— REQUIRED ACTION —
What I need is an exact repeat of the lines from the one with "New Auto Rotating" through the end of the listing below. Leave out every picture.

— AVAILABLE DATA —
**********

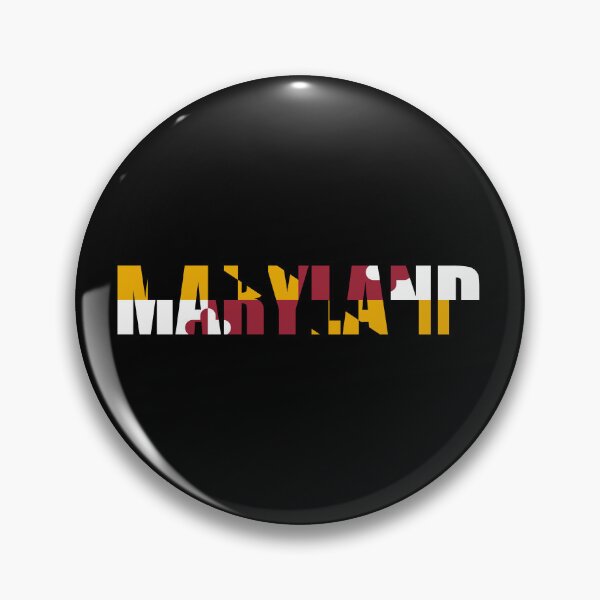Item preview, Maryland Flag MD designed and sold by shitpostee.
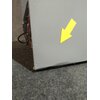 Lodówka MIDEA MDRB489FGE02O No Frost 201cm Inox Szybkie chłodzenie Tak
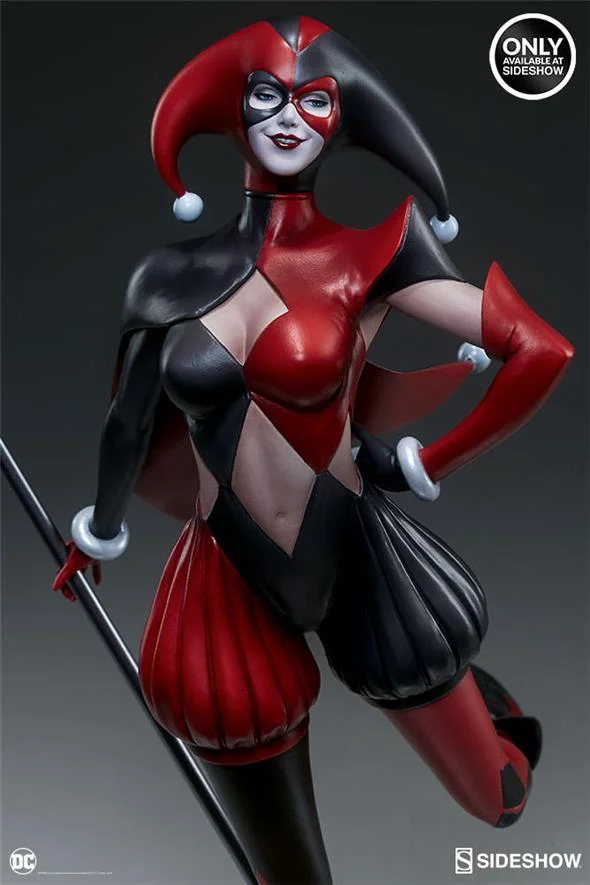 HARLEY QUINN STANLEY ARTGERM LAU STATUE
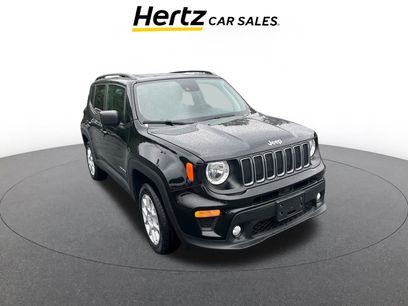 Used 2023 Jeep Renegade Latitude w/ Premium Group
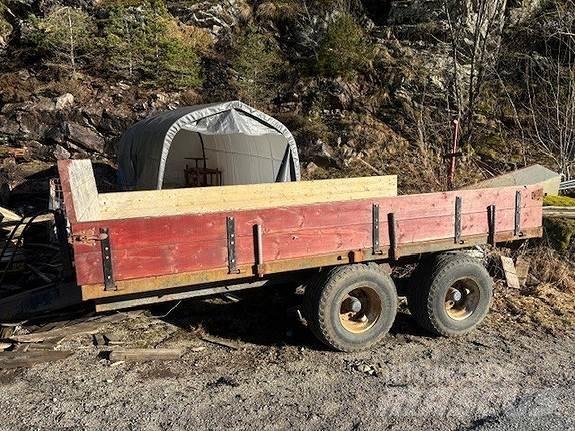   General purpose trailers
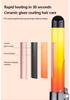 New Auto Rotating Electric Curling Iron for Effortless Big Waves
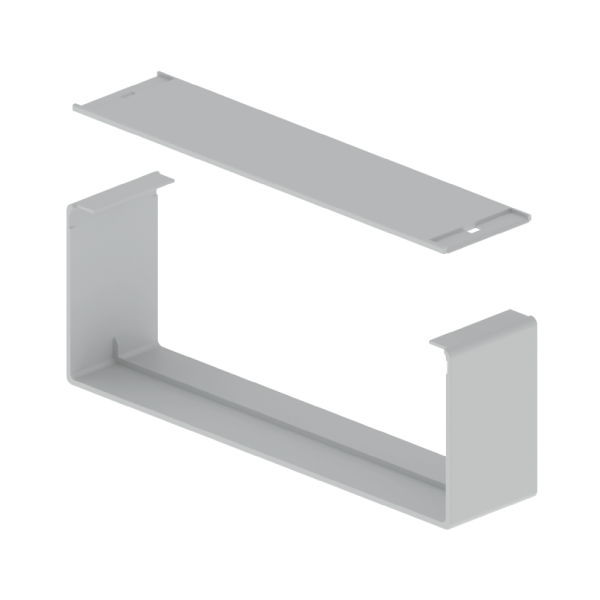 Unex Stoßstellenabdeckung 100x300 aus U23X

**********

— RESPONSE AREA —
 New Auto Rotating Electric Curling Iron for Effortless Big Waves
 Unex Stoßstellenabdeckung 100x300 aus U23X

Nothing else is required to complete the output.